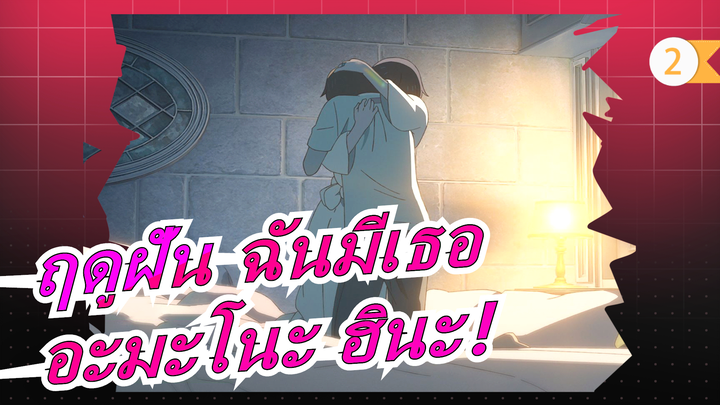 ฤดูฝัน ฉันมีเธอ|【4K\120 P\P4】อะมะโนะ ฮินะ！อยากอยู่กับคุณตลอดไป_2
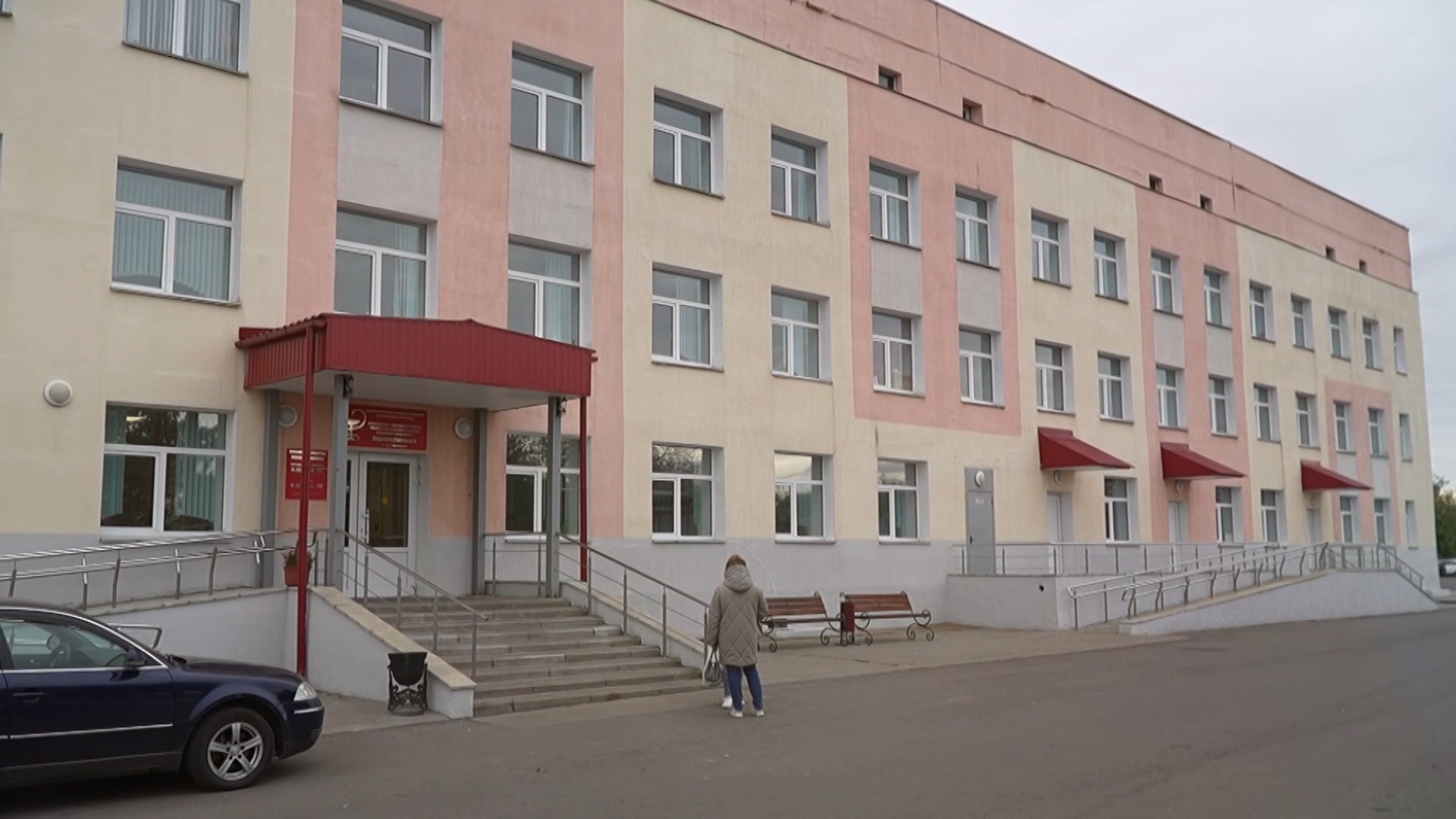 Гимназия города Мстиславля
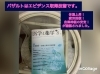 科学的根拠に基づく施術「【松山市歩行町】そのイライラや頭の重さ，自律神経の乱れかも？バザルト®️ストーンヘッドマッサージ（ヘッドスパ）で心身解放！」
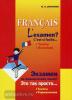 Дубанова. Экзамен по французскому языку? Это так просто... (Каро)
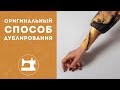 Авторский лайфхак! Оригинальный способ дублирования.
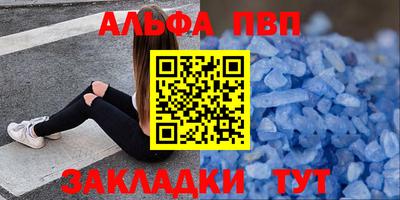 MDMA Premium VHQ Бузулук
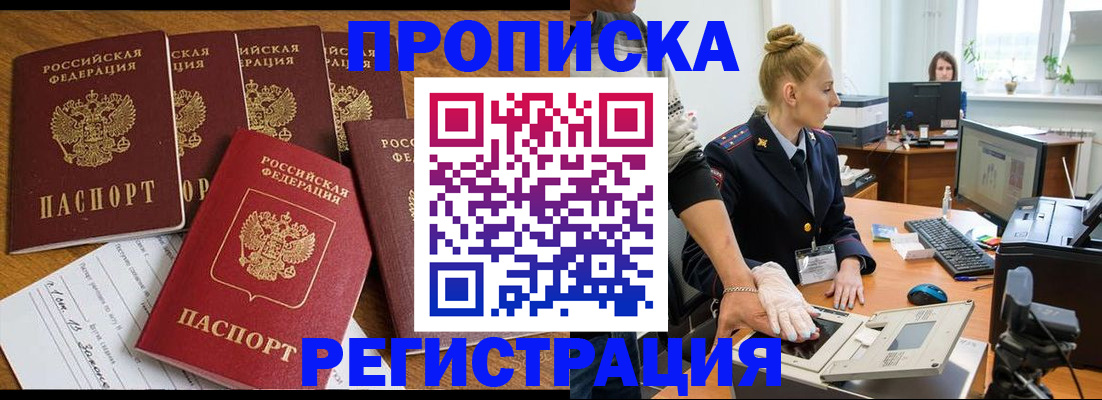 прописка в Глазове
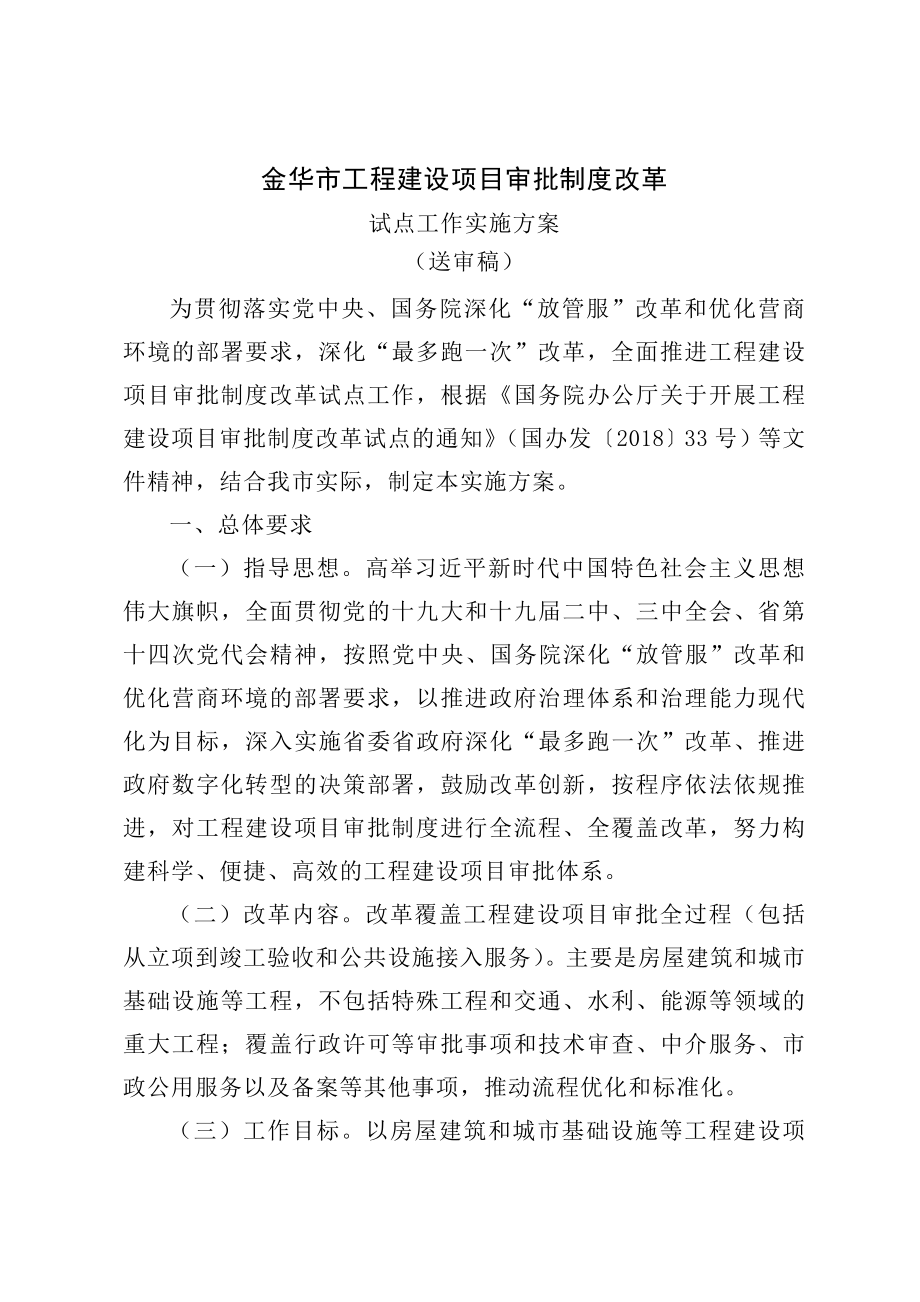 金华工程建设项目审批制度改革.doc_第1页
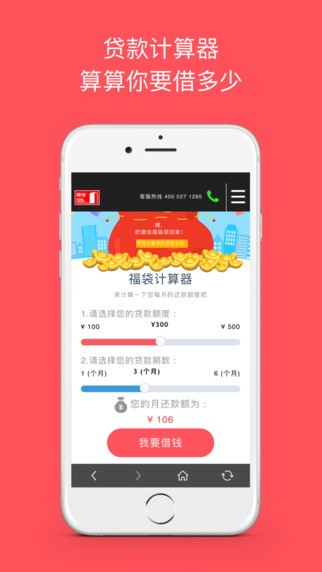 小袋鼠手机版下载安装  v1.0图1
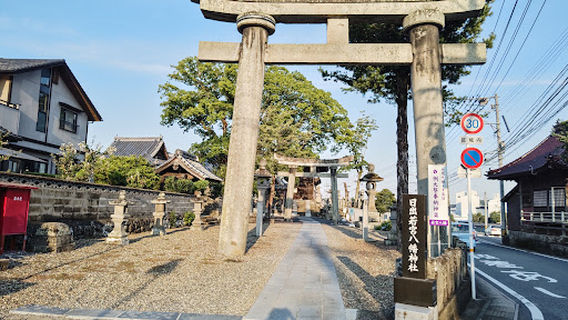Hijiwakamiyahachiman Shrine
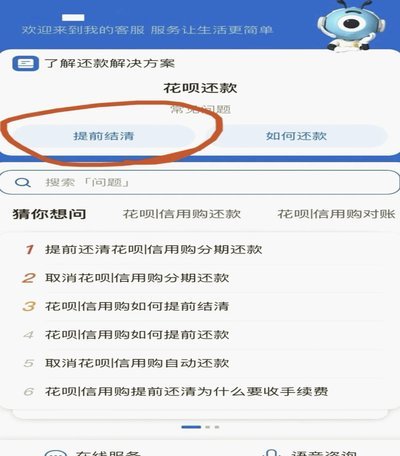 花呗天猫秒杀还款攻略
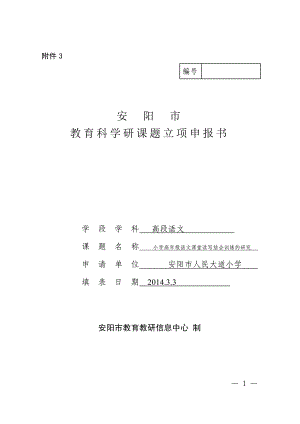 附件１安阳市教育科学研究课题立项申报书(1)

____

### Action item
Only the words belong in your copy: restate the data above exactly and leave the images out.

### The answer
 ฤดูฝัน ฉันมีเธอ|【4K\120 P\P4】อะมะโนะ ฮินะ！อยากอยู่กับคุณตลอดไป_2
 Гимназия города Мстиславля
 科学的根拠に基づく施術「【松山市歩行町】そのイライラや頭の重さ，自律神経の乱れかも？バザルト®️ストーンヘッドマッサージ（ヘッドスパ）で心身解放！」
 Дубанова. Экзамен по французскому языку? Это так просто... (Каро)
 Авторский лайфхак! Оригинальный способ дублирования.
 MDMA Premium VHQ Бузулук
 прописка в Глазове
 金华工程建设项目审批制度改革.doc_第1页
 小袋鼠手机版下载安装  v1.0图1
Hijiwakamiyahachiman Shrine
 花呗天猫秒杀还款攻略
 附件１安阳市教育科学研究课题立项申报书(1)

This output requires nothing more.